自分もそれに合わせるようにウィンドウを開く。
【サキ】《エルフ》【氷】
Lv.1
HP 100/100 MP 100/100 ST20/20
ATK(攻撃)10 STR(力)10 SAT(魔攻)30
DEF(防御)10 VIT(耐久度)10 SDF(魔防)15
AGI(俊敏)20 DEX(器用)25
LUK(運)10 INT(知力)25
EXP(経験値)0
そこにちょうど真斗が現れた。
「ヤッホー、お二人そろってお元気ですかー?」
・・・ウザかった。本当に・・・ウザかった。

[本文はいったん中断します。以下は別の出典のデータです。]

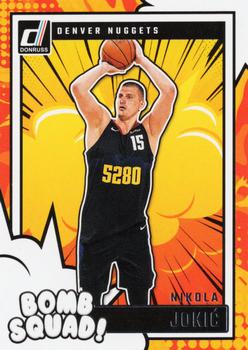 Nikola Jokic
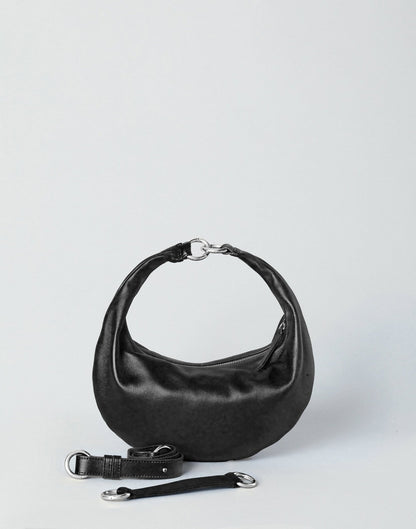 The Piccola Ring Bag - Cozy Notes Coffee Co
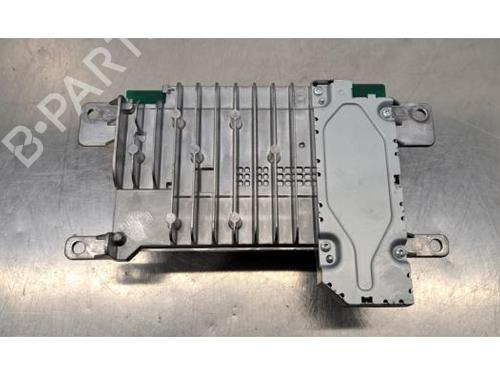 Electronic module OPEL MOVANO C Van (U9) 2.2 BlueHDi 180 | BP31155039M83 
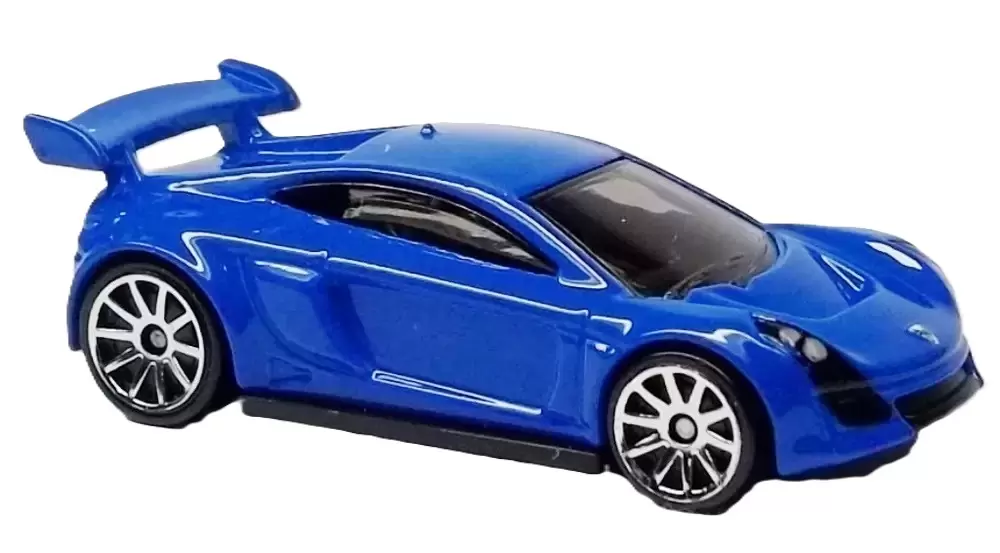 Mastretta MXR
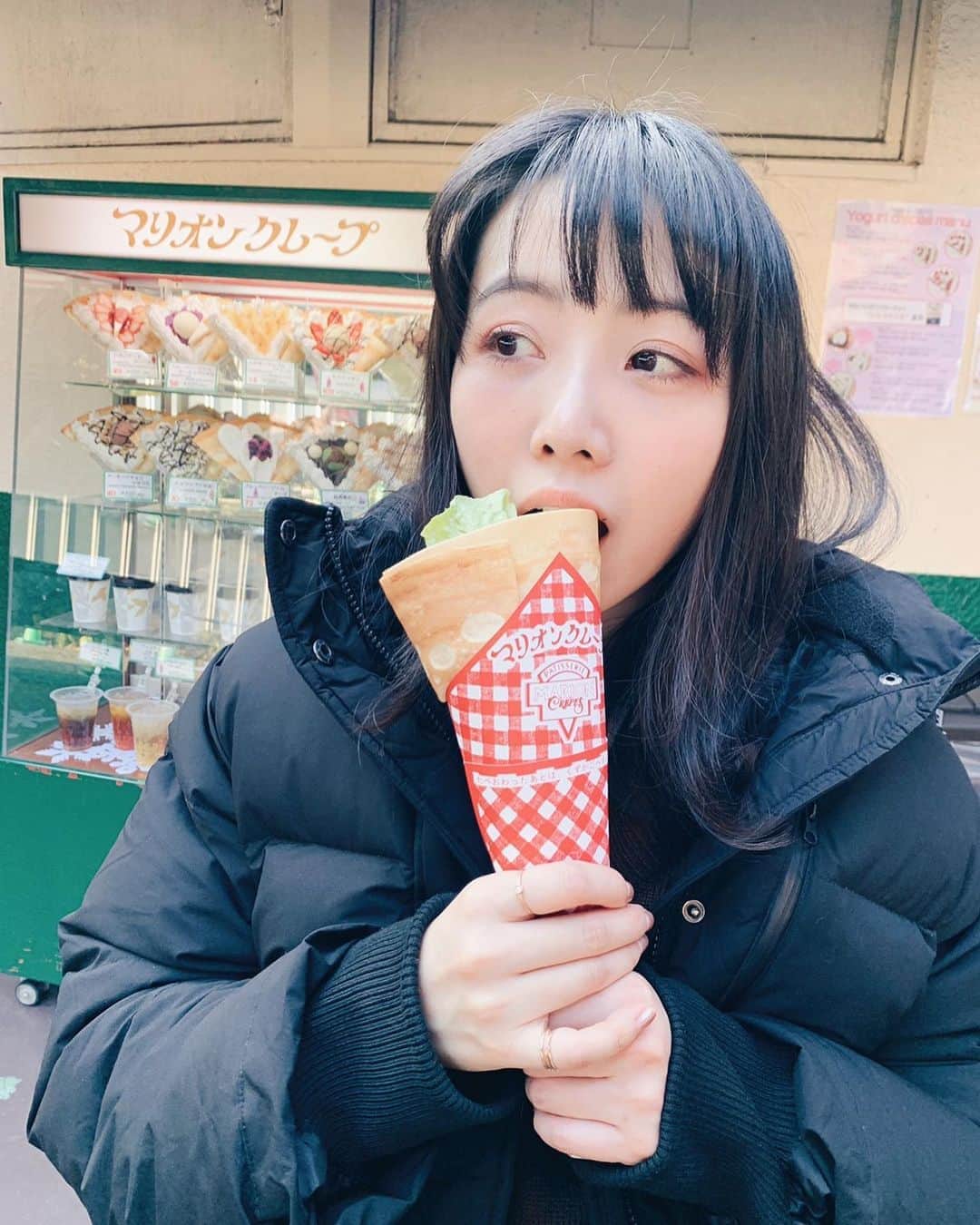 のインスタグラム：「Merry Christmas🎁  photo by 927」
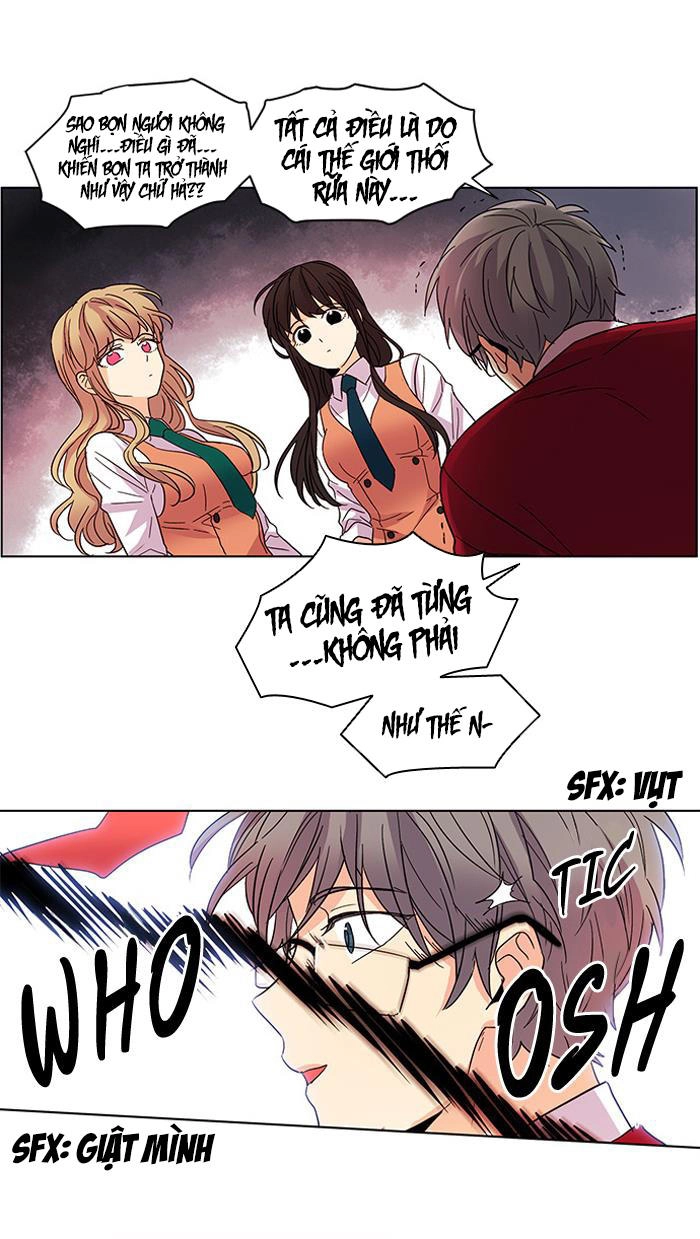 Linh Khiết Chapter 240 - 19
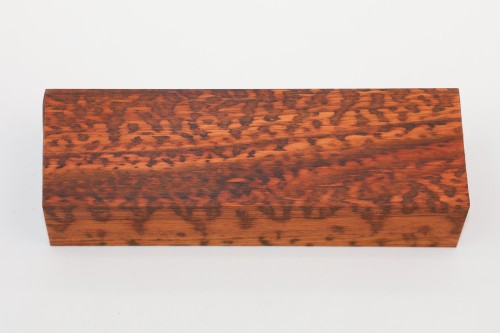 Drewno wężowe Snakewood na rękojeść noża wood for knife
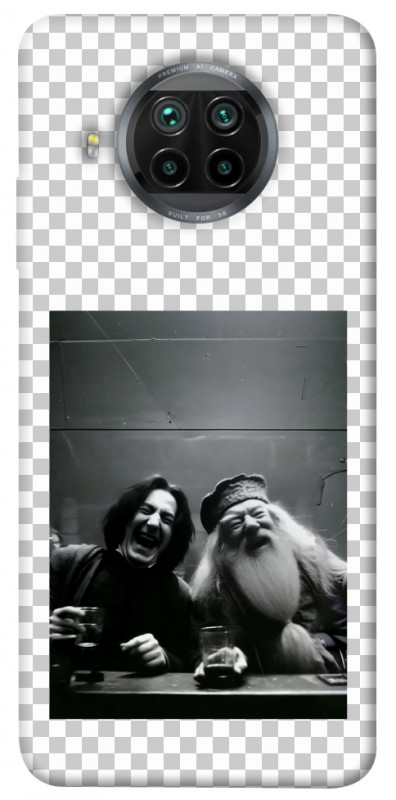 Чехол itsPrint Harry Potter 2 для Xiaomi Mi 10T Lite / Redmi Note 9 Pro 5G, itsellopt, купить оптом с доставкой
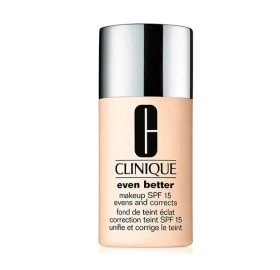 Clinique Even Better Fluid Foundation CN08 - Clinique Even Better Fluid Foundation CN08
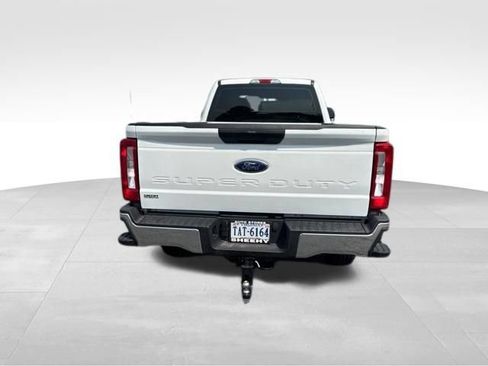 Used 2025 Ford F350 XL w/ XL Chrome Package AWD/4WD image 6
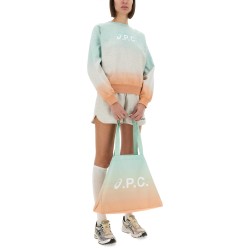"STONE" SWEATSHIRT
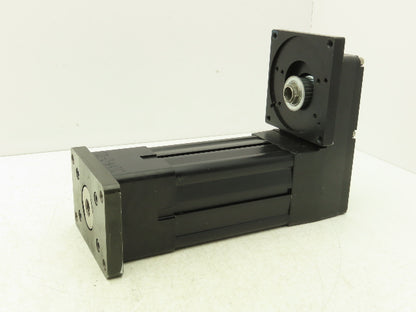 Tolomatic RSA 198156 Electric Linear Actuator Belt Driven 1.5" Stroke No Motor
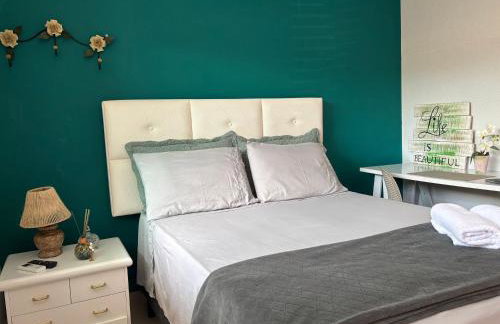 Loft 102 - Espaço Praia Aptos - Foto 1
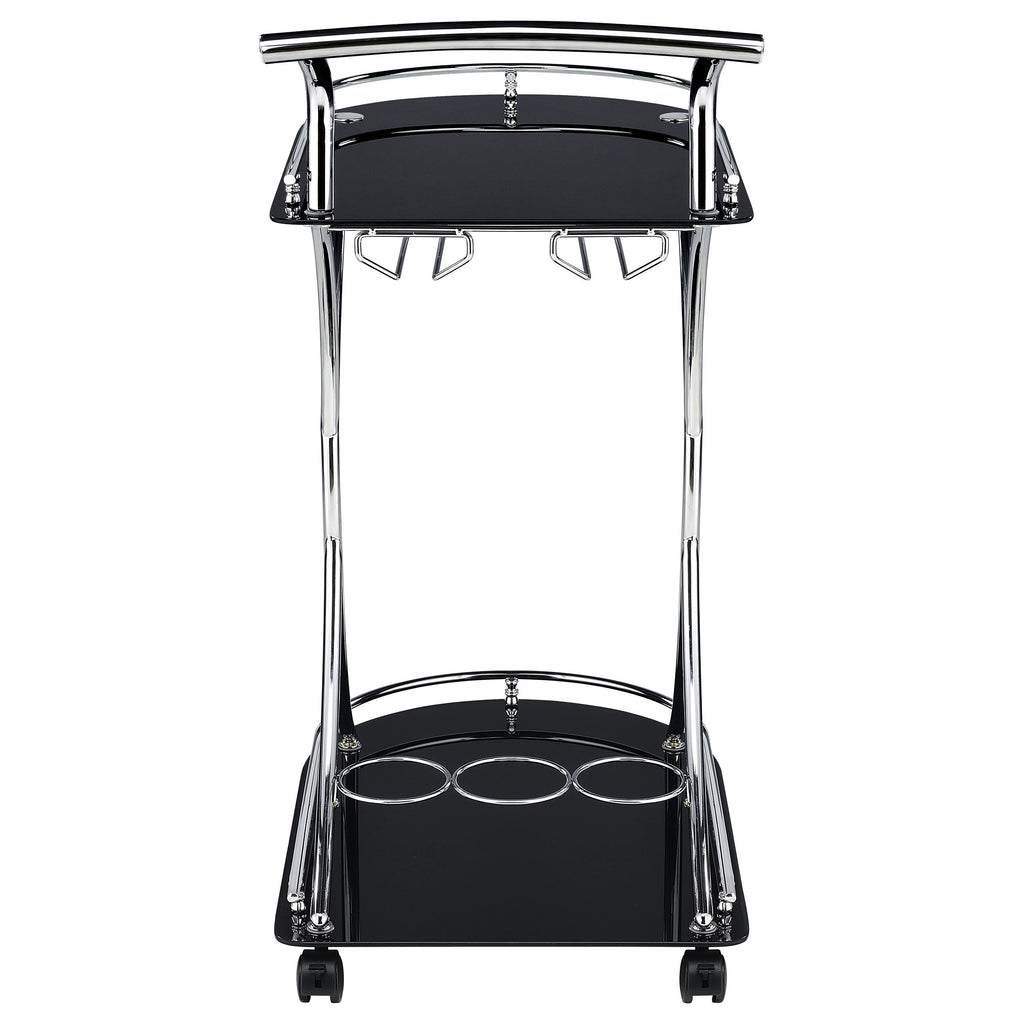 Elfman Bar Cart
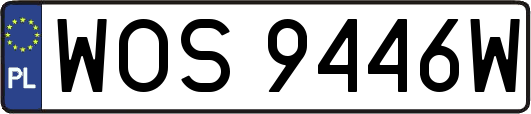 WOS9446W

大切だから二度言った。
「ステータスを見せ合ってんのか。んじゃ俺も。」
そういいながらウィンドウを見せてくる。
【エンド】《竜人》【火】
Lv.1
HP 150/150 MP 50/50 ST30/30
ATK(攻撃)15 STR(力)30 SAT(魔攻)10
DEF(防御)15 VIT(耐久度)20 SDF(魔防)15
AGI(俊敏)25 DEX(器用)10
LUK(運)10 INT(知力)10
EXP(経験値)0
・・・竜人だった。
「一緒かよっ!しくじったか...」
「よろしくな!」
「っていうか、その名前は何だよ!?」
「カッコ良くない?」
「そうだなオマエは既に終わってるよな!?
はぁ・・・、まあいい、フレンド登録でもしとくか。」
ウィンドウを開き、フレンドから登録申請を送る。
二人からも申請が送られてきたためそれを受理してから、
「じゃあな、これからは個別行動だ。用があるときはチャットでな。」
そういって俺は二人と別れた。
そのあと、武具屋と防具屋によって装備を買って、「始初の草原」へ行った。
元あった金、1000アーツもほぼ底を尽いた。